Les études menées dans le cadre de l’ABI se basent généralement sur l’analyse de données fusionnées sur de longs intervalles de temps (Wide Area Motion Imaging – WAMI, et SIGINT sont généralement privilégiés) permettant de suivre un ou plusieurs individus à travers différents réseaux sociaux pour établir des modèles comportementaux standards et identifier un grand nombre de pistes, comme de déterminer des emplacements spécifiques visités (par exemple, des bâtiments dans un environnement urbain). Ces études permettent en outre de déterminer la nature et la fonction de certains emplacements mais aussi de déterminer l’importance d’un réseau.

Vers une nouvelle génération d’outils « intelligents »

Développer des outils capables d’appréhender la complexité de ces nouveaux enjeux n’est pas une mince affaire. Dans un contexte toujours plus riche en données de toutes sortes, les analystes ont aujourd’hui tendance à se spécialiser d’avantage dans le traitement et l’intégration de ces dernières avant de pouvoir réellement en exploiter la valeur. Un phénomène observable depuis quelques années dans de nombreux services qui souligne les limites liées au « big data », pour trier, structurer les données afin de produire des analyses pertinentes dans des temps raisonnables.

Si la représentation visuelle des informations joue un rôle central pour permettre aux analystes d’explorer les données à travers l’espace, le temps ou leurs relations, ces derniers ont également besoin d’une infrastructure complète et puissante pour intégrer, indexer et fusionner efficacement l’ensemble des données nécessaires à leur analyse. Les utilisateurs attendent aujourd’hui des outils adaptés à leur quotidien, capable à la fois de s’acquitter de tâches répétitives et potentiellement gourmandes en ressources informatiques (souvent peu valorisantes) pour trier et corréler les données, gérer de multiples langages, formats et bases de données, tout en restant souple d’utilisation.

Dans cette nébuleuse de fonctionnalités et de données, l’ergonomie occupe une place de plus en plus importante, mais la pierre angulaire de ces nouveaux outils repose souvent sur les algorithmes « intelligents », capables d’automatiser un nombre croissant de processus et de soutenir l’analyste.
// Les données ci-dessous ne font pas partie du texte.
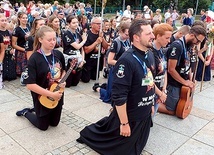 	Pielgrzymi u stóp jasnogórskiego klasztoru.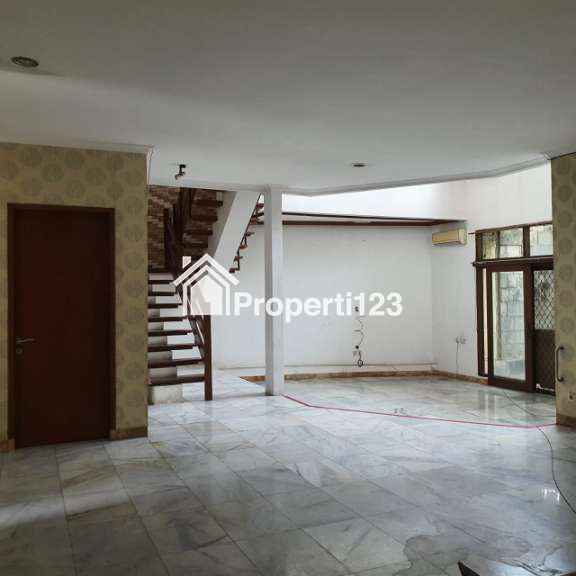 Dijual Rumah di Jl.Tosiga, Kebun Jeruk, Jakarta Barat - 3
Ces algorithmes vont notamment permettre de lui suggérer des liens de corrélation possibles entre différentes informations, de supprimer les doublons, de faire des analyses sémantiques ou encore de géolocaliser des informations utiles à son analyse. Cette vision d’une plateforme à la fois collaborative et intégrée, regroupant aussi bien les processus métiers que des fonctionnalités variées, traditionnellement éclatées entre plusieurs éditeurs semble aujourd’hui bien identifiée par la communauté du renseignement, mais tarde encore à se matérialiser dans l’écosystème industriel français.